Fri Oct 3 04:21:03 UTC 2008

> Many thanks for these pointers, very interesting and useful work. This
> does show that for a long sampling time, quite a high degree of
> accuracy could be obtained. The downsides are that the sampling period
> would have to be very long and could easily be affected by power cuts
> causing failure to my proposed testing method. So theory proved but
> impractical. Looks like I'll have to bite the bullet and go with a GPS
> disciplined ocxo to make a good frequency standard.
> 
> Cheers,
> Steve

Ah, if you are a time-nut of course you will bite the bullet and
get a GPSDO. But you should also not give up on the PC idea.
If it works it will be a great gift to many people (OK, maybe not
the pico- and nanosecond crowd, but to regular millisecond
kind of folks).

And, I no longer think long sample times are required.

Consider the following. Assume you can get NTP to give you
ms or sub-millisecond accurate time-stamps. Also assume you
divide down your UUT to something like 1 kHz and feed that
into one channel of your sound card (and as Bruce pointed
out, maybe the slower the rise time the better in this case).

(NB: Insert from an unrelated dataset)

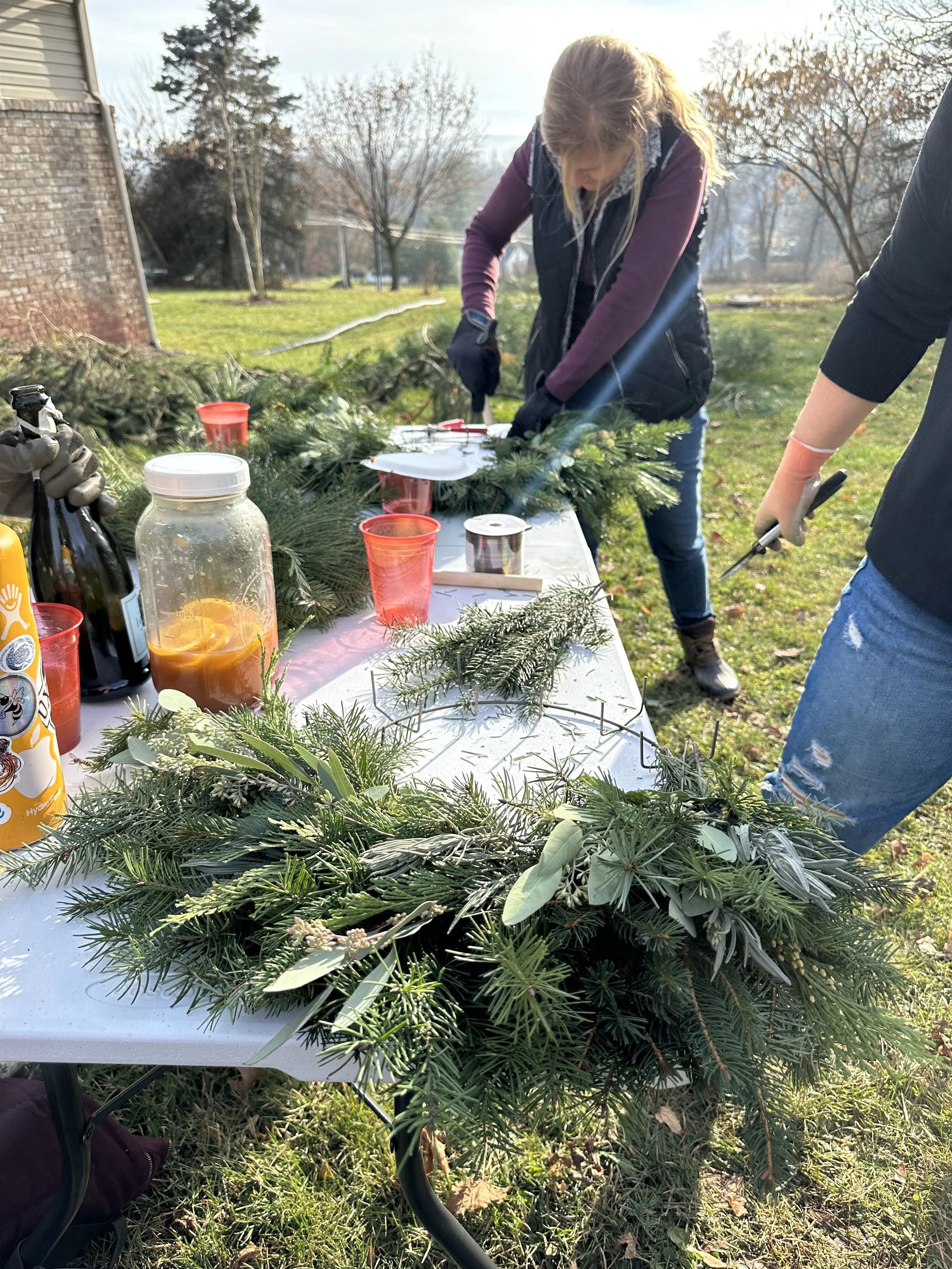 2023 Wreath workshop 3357.jpeg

Now, collect 16-bits of waveform data at 44.1 kHz. First, note
that it's not exactly 44.100000 kHz -- but over time, as your
circular input buffers fill up, you can use NTP time-stamps to
calculate what the sampling rate precisely was/is.

Then, looking at your highly oversampled waveform data, you
can calculate the phase of your UUT frequency relative to the
now precisely known sound card sampling rate. Over time you
will see the phase drift, which then directly gives you the UUT
frequency error.

So what you end up doing is using the sound card like a high
resolution vernier between NTP timekeeping on the inside and
your UUT on the outside. I bet you a Thunderbolt that you can
measure to 1 ppm within ten seconds.

/tvb
http://www.LeapSecond.com

p.s. For extra credit, tee your UUT into both channels, do twice
the math, and see if you can measure both differential phase,
and differential phase drift between them.